Monday, 1 June 2015

Design Practice 2 - Studio Brief 1 (Part 1) : Yorkshire Museum 'EXTINCT' - OUGD505

The Yorkshire Museum was visited recently as they have an Extinct section which was relevant to the biodiversity research that has been conducted. The museum worked back through each of the Mass Extinction eras, explaining when and how this happened with a number of facts and statistics that helps within my research. The reason this was visited and relevant to my research is the exhibition explains how we are now in the 6th mass extinction and what we can do in terms of sustainability. 

It was extremely interesting reading up and understanding the Mass Extinctions. What is interesting is how each extinction has had a reason why each has happened, however looking into the 6th, it shows that humans are the problem. Humans are hunting down species, killing off their habitats. It shows the great need for sustainability and more environmental development is drastically needed to help life on the planet. 

"99% of the rich and vast diversity of species ever to have lived on Earth are now extinct."





1st Mass Extinction: The Ordovician-Silurian:
"The first mass extinction was the third largest extinction in Earths history. As many of the life were under the sea, it was sea creatures that were reduced drastically." 
-BBC Nature


 


2nd Mass Extinction: Late Devonian
"Three quarters of all species on Earth died out in the Late Devonian mass extinction, though it may have been a series of extinctions over several million years, rather than a single event."
- BBC Nautre



3rd Mass Extinction: Permian-Triassic
"The Permian mass extinction has been nicknamed The Great Dying, since a staggering 96% of species died out.

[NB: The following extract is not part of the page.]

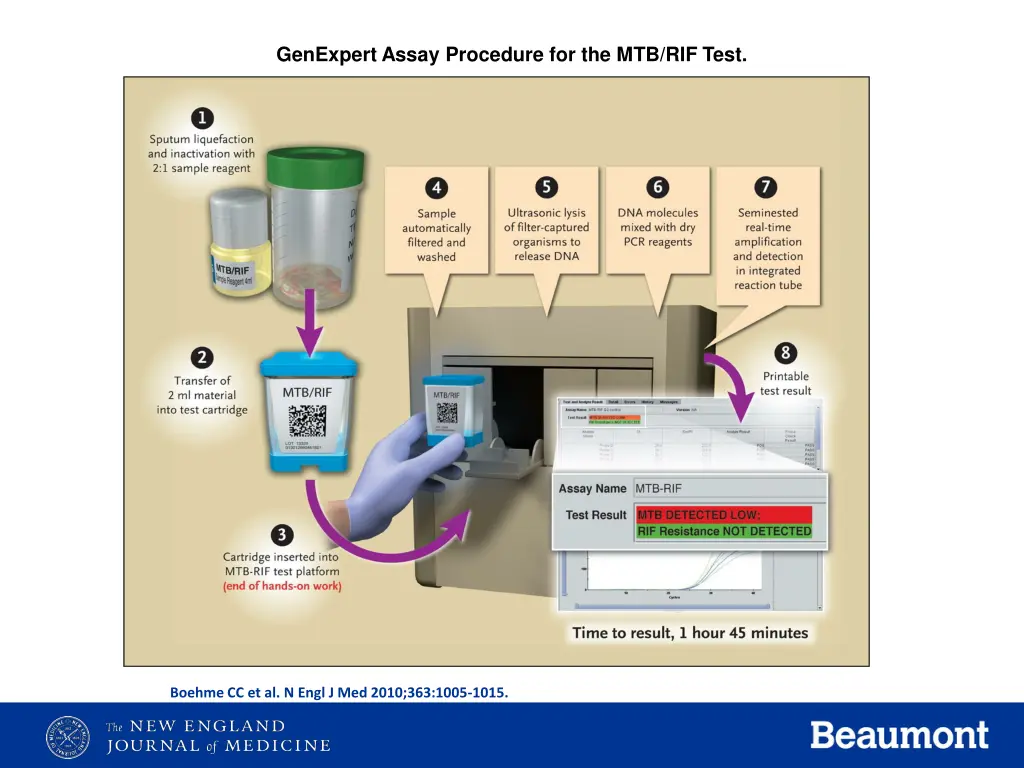 genexpert assay procedure for the mtb rif test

All life on Earth today is descended from the 4% of species that survived."
- BBC Nature




4th Mass Extinction:Triassic-Jurassic
"During the final 18 million years of the Triassic period, there were two or three phases of extinction whose combined effects created the Triassic-Jurassic mass extinction event. Climate change, flood basalt eruptions and an asteroid impact have all been blamed for this loss of life."
-BBC Nature




5th Mass Extinction
"The Cretaceous-Tertiary mass extinction - also known as the K/T extinction - is famed for the death of the dinosaurs. However, many other organisms perished at the end of the Cretaceous including the ammonites, many flowering plants and the last of the pterosaurs."
- BBC Nature










6th Mass Extinction?



"Unlike past mass extinctions, caused by events like asteroid strikes, volcanic eruptions, and natural climate shifts, the current crisis is almost entirely caused by us — humans. In fact, 99 percent of currently threatened species are at risk from human activities, primarily those driving habitat loss, introduction of exotic species, and global warming [3]. Because the rate of change in our biosphere is increasing, and because every species’ extinction potentially leads to the extinction of others bound to that species in a complex ecological web, numbers of extinctions are likely to snowball in the coming decades as ecosystems unravel. 

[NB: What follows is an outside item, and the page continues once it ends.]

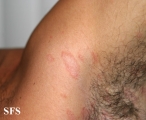 pityriasis rosea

Species diversity ensures ecosystem resilience, giving ecological communities the scope they need to withstand stress. Thus while conservationists often justifiably focus their efforts on species-rich ecosystems like rainforests and coral reefs — which have a lot to lose — a comprehensive strategy for saving biodiversity must also include habitat types with fewer species, like grasslands, tundra, and polar seas — for which any loss could be irreversibly devastating. And while much concern over extinction focuses on globally lost species, most of biodiversity’s benefits take place at a local level, and conserving local populations is the only way to ensure genetic diversity critical for a species’ long-term survival."